The team of the Tour de France leader, Jonas Vingegaard, are considering pressing charges after a spectator caused a massive crash during the 15th stage to Saint-Gervais Mont‑Blanc on Sunday.
One of the defending champion’s key Jumbo-Visma teammates, the American climber Sepp Kuss, crashed after being caught by the outstretched arm of a fan as the peloton raced past.
Kuss’s fall caused a domino effect through the peloton with multiple other riders also hitting the tarmac, in echoes of a similar incident caused by a fan with a placard, endured by the same team in the 2021 race.
the gendarmerie have identified the individual but will not arrest them unless Kuss wishes to take matters further. However, a spokesperson for Jumbo-Visma said: “The team might. We’ll find out how and when.”
The weekend’s stages were marked by several incidents involving race motorbikes and overexcited spectators.

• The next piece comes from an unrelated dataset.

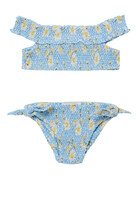 Floral-print Ruched Bikini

On Saturday, media motorbikes were slowed and hemmed in by large crowds at the top of the Col de Joux Plane and, as well as the mass fall on Sunday, the Latvian rider Krists Neilands also crashed while taking a drink from an in-race motorbike on a fast Alpine descent.
Team Cofidis were one of those to tell spectators that they “don’t need a cellphone to make memories”.
However, the Tour de France entered into a new partnership with the social media giant TikTok shortly before this year’s race began and has actively encouraged fans to create content.
In a press release from 22 June, Julien Goupil, the media and partnerships director for the Tour promoter, ASO, described TikTok as a “perfect match” for the Tour and said “the content created at the roadside will enhance existing coverage and bring the public together around the event even more widely”.
Conscious of the need for a younger demographic of fans and influencers, the Tour has been seeking to attract a new audience for several years and is itself extremely active on social media. Selfie sticks, phones and even rogue drones are also commonplace at the roadside, despite the Tour’s best efforts to limit any interference in the racing.
But this is an impossible task. The Tour de France is a free, unticketed event that draws hundreds of thousands to the roadside, especially when it arrives in the mountains, where sleep-deprived fans camp out for days on end, living on a diet of sunshine, cheap beer and not-so-fine wines.
In reality, it is a health and safety nightmare and has been so for more than a century. The most renowned climb for spectator interaction is the hair-pinned ascent to Alpe d’Huez, where organised chaos somehow prevails as the riders pass through the sea of partying fans.